I have some exciting news to share. Or rather, exciting news for Tricky fans. Both of you. (Hi, Mom!) I've been offered the opportunity by our benevolent JiG overlords to be the regular writer of our weekly Vault feature! Hopefully, before I become inevitably corrupted from this first taste of real power, we'll be able to, together, rediscover both massive hits and hidden gems from our archives. So let's get started, with puzzles, adventure, and action in this week's JayIsGames Vault!
- Poco Parco - While the Grow concept is, of course, well and truly the provenance of Eyezmaze, one of the best tributes to the style, Poco Parco, was released in 2007 by Gung Ho Games.

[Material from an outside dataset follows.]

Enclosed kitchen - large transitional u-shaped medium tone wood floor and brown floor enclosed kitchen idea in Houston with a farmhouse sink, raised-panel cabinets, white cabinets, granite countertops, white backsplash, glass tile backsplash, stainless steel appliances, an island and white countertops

As you may expect, the goal is to click buttons in the correct order, and watch as charming animations evolve into a sprawling colorful world. Since the effects of the buttons in Poco Parco are not as immediately obvious as in other's of its ilk, careful observation will be required to suss out the solution. However, trying and re-trying is half the fun of these sorts of games, and since Poco Parco is filled to the brink with hidden bonuses, clickables, and easter eggs, it succeeds as being as much of a marvelous webtoy as a clever puzzle.
- The Day - When a game says it has two endings, usually it means that three seconds from the end you probably will probably be making a decision, like either shooting that guy who burned down your village or, instead, giving him a hug. I have to believe, though, that no other two-pathed game diverges quite so much as The Day, a 2010 adventure from the master of experimental gaming, Gregory Weir. Discovering and interpreting the events of the plot for yourself is the work's great joy, but suffice to say, it might be the only work that successfully integrates both children's card games and dystopian political intrigue as major thematic elements. (...okay, there's Yu-Gi-Oh 5D's, but still.) It inspired much interesting discussion, both on the reviewer discussion list and in its comment section, and anything that provocative is worth playing indeed.

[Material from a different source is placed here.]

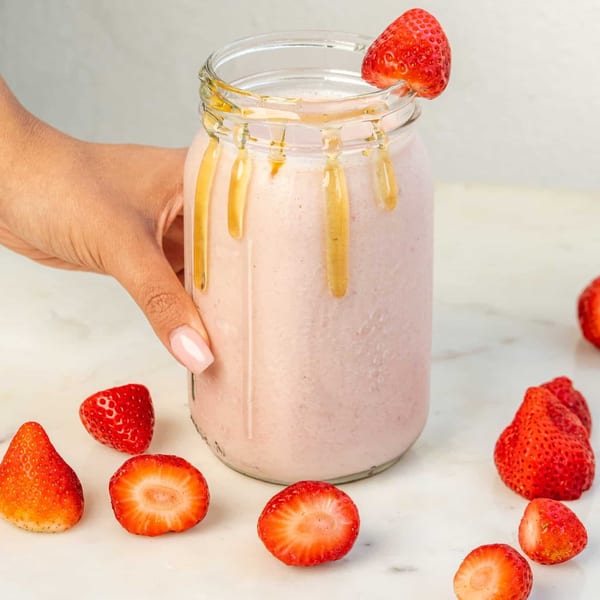 Hand holding a strawberry smoothie in a mason jar, drizzled with honey, surrounded by fresh strawberries.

- Tower of Greed - Tower of Greed, by Epic Shadow, is frenetic fun, certainly. Racing up a tower, collecting treasure, bopping enemies, and avoiding spikes, always keeping pace with the deadly void creeping up from the bottom of the screen to swallow you: it would fit in perfectly alongside any row of retro arcade cabinets. However, it does add one layer that makes it truly nail-biting: gambling. Oh sure, all you are wagering are achievements and a high score, but the risk keeps things interesting. You can leave the tower, missing out on all the good stuff you know is just a couple floors away. You can choose to keep going, knowing that one mistimed jump will force you to start again from the bottom. But like a slot machine, Tower of Greed's simple, attractive presentation will keep you playing. It's a good thing it doesn't require any quarters though. My pockets would be empty in minutes.
While we welcome any comments about this weekly feature here, we do ask that if you need any help with the individual games, please post your questions on that game's review page. Well, what are you waiting for? Get out there and rediscover some awesome!